→ Provided data:
┌──

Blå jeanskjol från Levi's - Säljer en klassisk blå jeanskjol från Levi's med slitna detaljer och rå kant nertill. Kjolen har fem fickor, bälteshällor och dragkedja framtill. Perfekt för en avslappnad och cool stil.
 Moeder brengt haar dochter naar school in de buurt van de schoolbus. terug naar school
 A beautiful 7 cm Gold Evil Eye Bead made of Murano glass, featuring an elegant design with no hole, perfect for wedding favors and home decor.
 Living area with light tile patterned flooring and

└──

→ Instructions to follow:
Output exactly the lines above, from the one holding "A beautiful 7" through the end of the data, including the first and last.

→ Result of the task:
 A beautiful 7 cm Gold Evil Eye Bead made of Murano glass, featuring an elegant design with no hole, perfect for wedding favors and home decor.
 Living area with light tile patterned flooring and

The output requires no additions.